Figure went public this week in an upsized IPO, selling 31.5 million shares at $25 per share to raise about $787.5 million, valuing the company at about $5.3 billion at pricing. Shares opened near $36 and closed at $31.11, implying a closing market cap of approximately $6.6 billion, about 24% above the IPO price. This marks a landmark IPO, as Figure is the first company to bring a large-scale, real-world blockchain use case to the public markets. Rather than focusing on speculation, Figure’s platform originates, funds, securitizes, and trades home equity lines of credit (HELOCs), all on-chain.
Founded in 2018 by Mike Cagney and June Ou, Figure developed the Provenance Blockchain as a ledger for loan origination, servicing, and secondary-market execution. It started by putting HELOCs on-chain and built a strong distribution engine, now partnering across the industry, including 10 of the top 20 mortgage companies and independent mortgage banks, to distribute HELOC products. The platform is now widely adopted by large financial institutions across mortgage and credit workflows.
Figure demonstrates that blockchain isn’t just for crypto trading; it can be applied usefully to traditional financial markets. The Provenance Blockchain supports the entire HELOC lifecycle, shortening funding timelines to about 10 days, versus an industry average of more than 40 days, and enabling on-chain issuance, sale, servicing, and lien registry updates with greater transparency and lower verification costs. A 2025 securitization using Provenance even earned an AAA rating from S&P Global Ratings, an industry first for blockchain-enabled assets.
Now that Figure has nailed HELOCs on-chain, it is evolving from balance-sheet lending to building an open marketplace and a full-scale digital asset exchange, Figure Markets, with the goal of tokenizing all securities over time. Linked here is our detailed M&A alert that describes Figure Technologies’ recent re-merger with Figure Markets and the dynamics behind it.

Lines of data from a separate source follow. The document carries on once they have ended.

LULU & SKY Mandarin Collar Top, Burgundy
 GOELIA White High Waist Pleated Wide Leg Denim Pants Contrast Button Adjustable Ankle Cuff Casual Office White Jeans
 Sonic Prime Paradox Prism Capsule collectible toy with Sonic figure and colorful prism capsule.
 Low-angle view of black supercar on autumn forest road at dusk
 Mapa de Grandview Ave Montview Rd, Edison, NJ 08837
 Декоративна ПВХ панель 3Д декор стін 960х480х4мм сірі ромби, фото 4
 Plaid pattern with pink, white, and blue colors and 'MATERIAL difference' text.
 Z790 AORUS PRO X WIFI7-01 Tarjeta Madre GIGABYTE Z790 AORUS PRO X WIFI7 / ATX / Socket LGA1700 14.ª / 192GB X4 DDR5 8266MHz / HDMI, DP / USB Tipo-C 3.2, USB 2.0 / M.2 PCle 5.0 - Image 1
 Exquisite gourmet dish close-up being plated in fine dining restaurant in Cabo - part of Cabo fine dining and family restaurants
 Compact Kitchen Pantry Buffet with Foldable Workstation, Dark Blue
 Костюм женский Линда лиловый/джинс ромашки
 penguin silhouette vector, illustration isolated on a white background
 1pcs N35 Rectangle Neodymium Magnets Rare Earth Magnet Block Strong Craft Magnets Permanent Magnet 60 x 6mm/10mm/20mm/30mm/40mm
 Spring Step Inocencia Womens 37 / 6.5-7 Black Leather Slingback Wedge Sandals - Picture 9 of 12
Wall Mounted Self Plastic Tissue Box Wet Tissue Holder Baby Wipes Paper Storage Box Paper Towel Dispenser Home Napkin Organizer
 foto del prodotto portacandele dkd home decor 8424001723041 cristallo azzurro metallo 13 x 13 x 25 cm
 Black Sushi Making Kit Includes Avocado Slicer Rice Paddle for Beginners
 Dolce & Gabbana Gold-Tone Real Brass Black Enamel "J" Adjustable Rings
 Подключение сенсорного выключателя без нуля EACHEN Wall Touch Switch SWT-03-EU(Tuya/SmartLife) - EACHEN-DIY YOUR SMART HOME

Altogether, Figure shows that blockchain can move real assets, not just digital tokens, driving institutional-scale trading, settlement, and registration on a single transparent ledger. The opportunity now is for Provenance rails to become standard infrastructure for credit and, potentially, other markets. The successful IPO establishes that blockchain can support a large, regulated market function end-to-end, underscoring that the technology has a use case outside of speculation.